Araştırma algı tespitinin ötesine geçerek kadın istihdamını artırmak için kamuoyunun ve TİSK’in çözüm önerilerine de odaklandı.
Kadınlar iş hayatında “cinsiyet ayrımcılığından” şikayetçi, erkekler de cinsiyete dayalı ayrımcılık yaşandığını doğruluyor
Araştırmaya göre, çalışan kadınların yarısı iş hayatında kadınlara erkekler ile aynı koşullarda davranılmadığını ifade etti. Her 3 erkekten 1’i ise kadınların bu ifadesini doğrular nitelikte cevap verdi.

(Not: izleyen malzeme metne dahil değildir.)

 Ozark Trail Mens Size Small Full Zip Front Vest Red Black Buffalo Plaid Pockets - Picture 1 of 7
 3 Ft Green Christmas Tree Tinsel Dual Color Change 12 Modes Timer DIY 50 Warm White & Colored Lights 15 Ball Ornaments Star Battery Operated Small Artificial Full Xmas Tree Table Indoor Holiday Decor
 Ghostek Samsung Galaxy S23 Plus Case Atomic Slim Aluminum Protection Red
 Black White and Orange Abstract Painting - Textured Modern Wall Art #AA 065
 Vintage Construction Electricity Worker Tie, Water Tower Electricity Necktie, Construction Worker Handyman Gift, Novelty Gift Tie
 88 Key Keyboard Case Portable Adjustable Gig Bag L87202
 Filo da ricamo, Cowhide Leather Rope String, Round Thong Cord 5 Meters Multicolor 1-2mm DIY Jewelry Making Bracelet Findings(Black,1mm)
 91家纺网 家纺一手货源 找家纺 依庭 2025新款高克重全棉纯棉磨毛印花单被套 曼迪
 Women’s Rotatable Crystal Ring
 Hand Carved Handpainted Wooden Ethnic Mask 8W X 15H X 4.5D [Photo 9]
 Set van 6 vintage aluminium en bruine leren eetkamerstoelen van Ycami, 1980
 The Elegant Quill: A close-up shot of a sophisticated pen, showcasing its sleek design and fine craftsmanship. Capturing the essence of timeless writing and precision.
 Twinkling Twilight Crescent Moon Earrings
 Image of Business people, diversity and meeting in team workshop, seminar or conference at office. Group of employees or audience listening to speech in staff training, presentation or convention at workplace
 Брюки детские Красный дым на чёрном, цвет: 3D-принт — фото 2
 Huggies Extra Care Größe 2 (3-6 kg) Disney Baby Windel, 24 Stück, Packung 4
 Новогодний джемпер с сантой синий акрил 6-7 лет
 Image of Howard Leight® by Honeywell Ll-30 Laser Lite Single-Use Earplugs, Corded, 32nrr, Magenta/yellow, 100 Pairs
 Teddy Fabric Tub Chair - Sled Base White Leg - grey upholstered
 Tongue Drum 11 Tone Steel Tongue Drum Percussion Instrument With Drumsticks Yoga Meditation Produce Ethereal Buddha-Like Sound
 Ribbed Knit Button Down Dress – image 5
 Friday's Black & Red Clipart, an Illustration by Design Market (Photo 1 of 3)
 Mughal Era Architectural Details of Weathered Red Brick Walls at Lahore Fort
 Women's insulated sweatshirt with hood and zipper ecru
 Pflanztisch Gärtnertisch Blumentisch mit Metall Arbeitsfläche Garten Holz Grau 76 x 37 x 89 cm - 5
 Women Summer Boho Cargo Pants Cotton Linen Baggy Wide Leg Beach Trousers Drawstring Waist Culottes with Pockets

Çocuk sahibi kadınlar daha çok ayrımcılığa uğruyor
Çocuk sahibi olan ve çocuk sahibi olmayan kadınlar arasından, çocuk sahibi çalışan kadınlar cinsiyete dayalı ayrımcılığa daha fazla uğradıklarını belirtti.
Terfilerde cinsiyete bakılıyor
Katılımcılara göre, kadınların en dezavantajlı görüldüğü alan terfi ve gelişim imkanları oldu. İşe alımda tercih edilmeme ikinci sırada, doğum/bakım izni nedeniyle iş kaybı ise üçüncü sırada yer aldı. Neredeyse 5 kişinin 2’si bu alanlara işaret etti.
Kadınların işe alımda tercih edilmediğini beyan eden erkek sayısı (%39), kadın katılımcı sayısından (%34) daha yüksek oldu. İşe alımda cinsiyet dezavantajı algısı %63 ile en fazla ilkokul ve öncesi eğitimli kişilerde görüldü ve eğitim seviyesi artıkça bu oranın düştüğü saptandı.
Her 2 beyaz yakalı kadından biri cinsiyetçi tutumla karşı karşıya kalıyor
Her 2 beyaz yakalı kadın çalışandan 1’i işyerinde cinsiyetçi durumla karşı karşıya olduğunu söyledi. Yüksek eğitimli grup içerisinde dahi böyle tecrübelerin ve/veya tanıklıkların oldukça yaygın olduğu görüldü.
Her 2 çocuklu kadın çalışandan neredeyse yarısı doğum/bakım izni sebebiyle iş kaybı ile yüz yüze gelebildiği yönünde beyan verdi.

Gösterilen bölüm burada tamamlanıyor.